I work for Amazon. People are NOT happy.
Sadly, this is exactly what Jassy wants. Amazon are desperate for people to leave, and this is another push towards this.
It’ll be interesting to see what happens, but given that I’m unable to go to the office more than 3x a week due to having a young family to look after, my time.here is clearly limited - unless I’m able to work something out.
There is a strong remote advocacy group at Amazon, but the best that was mustered last time was a one hour protest during lunch. This might be the catalyst for people to say “fuck it, let’s unionize”, but I’m not confident.
This quarter’s top line might not be looking great, so gotta improve the bottom line to impress the Wall Street analysts.
Amazon gets rid of around 5-8% of their staff every year through unregretted attrition, where they’ll fire “underperforming” people, with maybe 10-15% of people being threatened with underperformance "

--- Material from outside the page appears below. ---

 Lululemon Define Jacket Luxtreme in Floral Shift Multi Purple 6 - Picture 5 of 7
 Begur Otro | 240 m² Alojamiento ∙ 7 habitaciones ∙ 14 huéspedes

Alongside this, to cut a long story short Amazon grew huge during COVID, and despite tens of thousands of layoffs the company has been trying to shrink everywhere possible, cutting fat wherever they can. IMO, leadership made lots of really stupid decisions, and the CEO has set Amazon on a course where irreparable damage has been made.

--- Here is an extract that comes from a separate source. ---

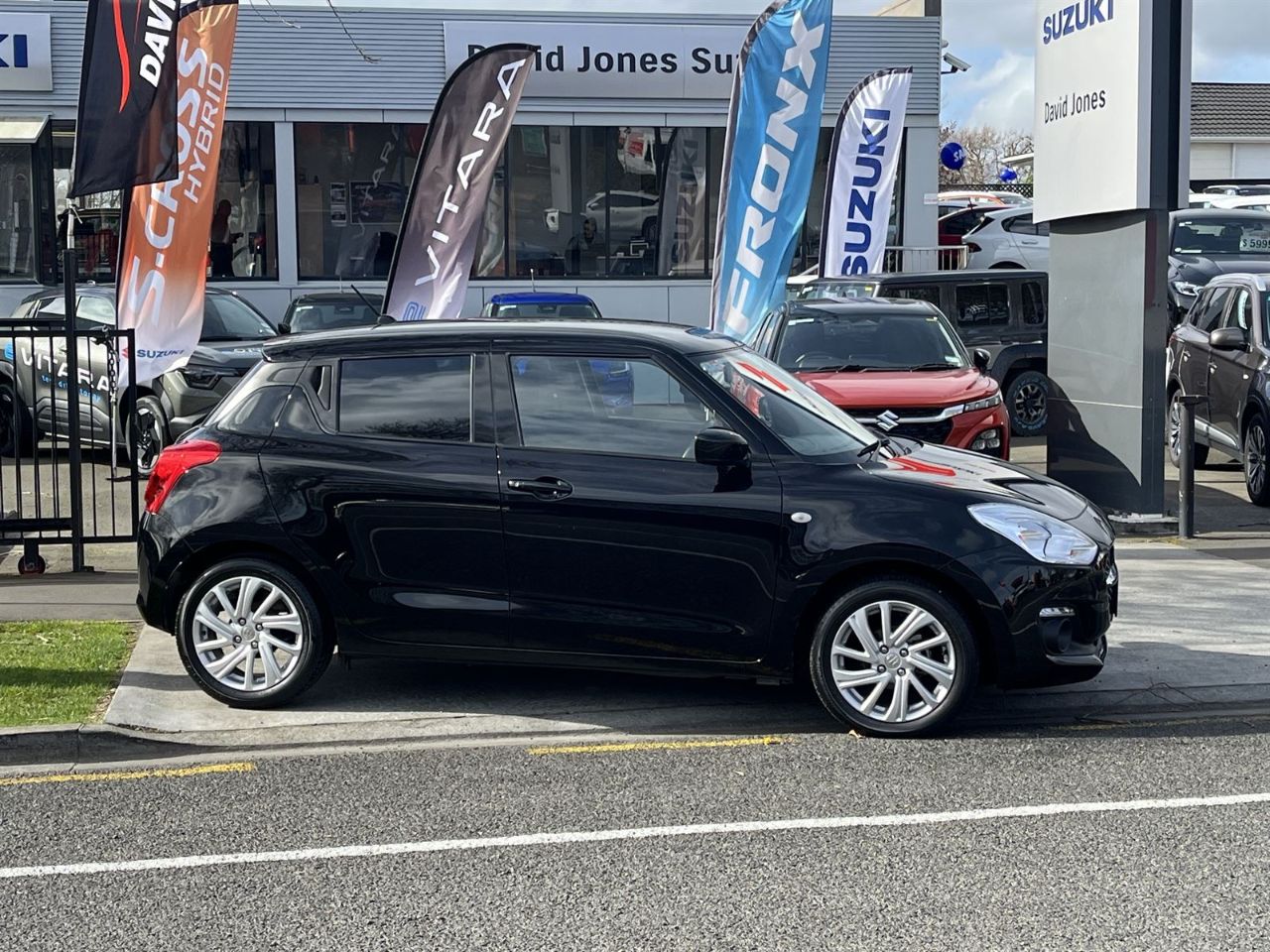 Vehicle image 4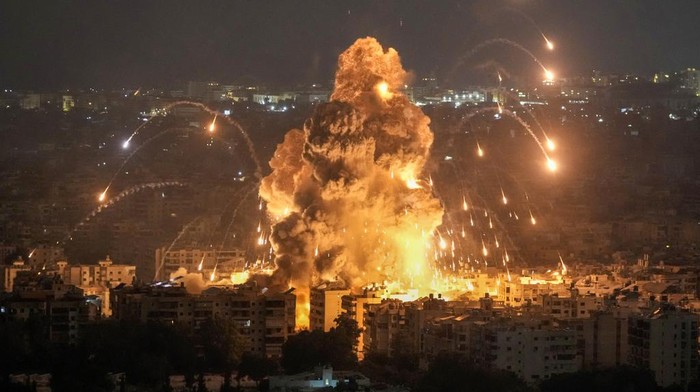 Israel Luncurkan Serangan Terbesar ke Lebanon Flames and smoke rise from an Israeli airstrike in Dahiyeh, Beirut, Lebanon, Sunday, Oct. 6, 2024. (AP Photo/Bilal Hussein)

5-8% of their staff every year
I’m aware of this policy but I didn’t realise the number was that large.
I don’t think this is going to be just cutting fat though. They’re going to have their desperate and least-talented employees working in the office while their most talented employees will end up finding remote employment elsewhere. That’s how RTO always goes.
Non-Amazon related answer: every company does this at some point, usually for cost cutting. They want people to quit vs letting people go. They basically introduce less-than-ideal working conditions knowing some people will leave because of it. I haven’t looked at the job market personally but friends have said it’s not great so basically people have to put up with it or take their chances not finding another job for a while.

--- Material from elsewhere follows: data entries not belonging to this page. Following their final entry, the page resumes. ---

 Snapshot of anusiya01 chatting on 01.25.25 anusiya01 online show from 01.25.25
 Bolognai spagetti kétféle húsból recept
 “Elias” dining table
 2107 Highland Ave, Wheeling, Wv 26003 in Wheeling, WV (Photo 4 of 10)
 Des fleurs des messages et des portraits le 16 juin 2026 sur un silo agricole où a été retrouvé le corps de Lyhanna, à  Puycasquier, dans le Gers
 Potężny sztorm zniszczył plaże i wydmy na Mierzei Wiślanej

It also depends on where you live. Where I live, if you are working a fully remote job, and your employment contract doesn’t specify that you need to work in the office, if they try to force you back into the office then you can quit and go on employment insurance since it would be considered a constructive dismissal.
I’m assuming new people are less likely to complain about no raises and bad conditions.
True, paired with Amazon moving many roles out of North America and into India.
With that said, a lot of people (like myself) joined Amazon when remote working was encouraged, only to then be told to go in 3 days a week. We lost loads of really great engineers that didn’t have opportunities in their local area. We’ll likely lose a LOT of people again, myself included, unless opportunities open elsewhere where I can transfer to a new area. Amazon are tricky, though, and they’ll preempt this by reducing transfers or laying people off soon to ensure that those that cannot adhere to 5 days a week are considered to have “resigned voluntarily”.
That’s all to say that a lot of bad faith on Amazon’s part will likely scare people away from joining. After the NYT article dropped almost a decade ago, Amazon got around it being hard to hire by having great transfer opportunities and high salaries. Neither of those exist now, and with all the anti-worker rhetoric and lies about internal AI performance “saving x hours on upgrades” I don’t see Amazon ever getting top talent again. Amazon will slip into boomer tech soon enough.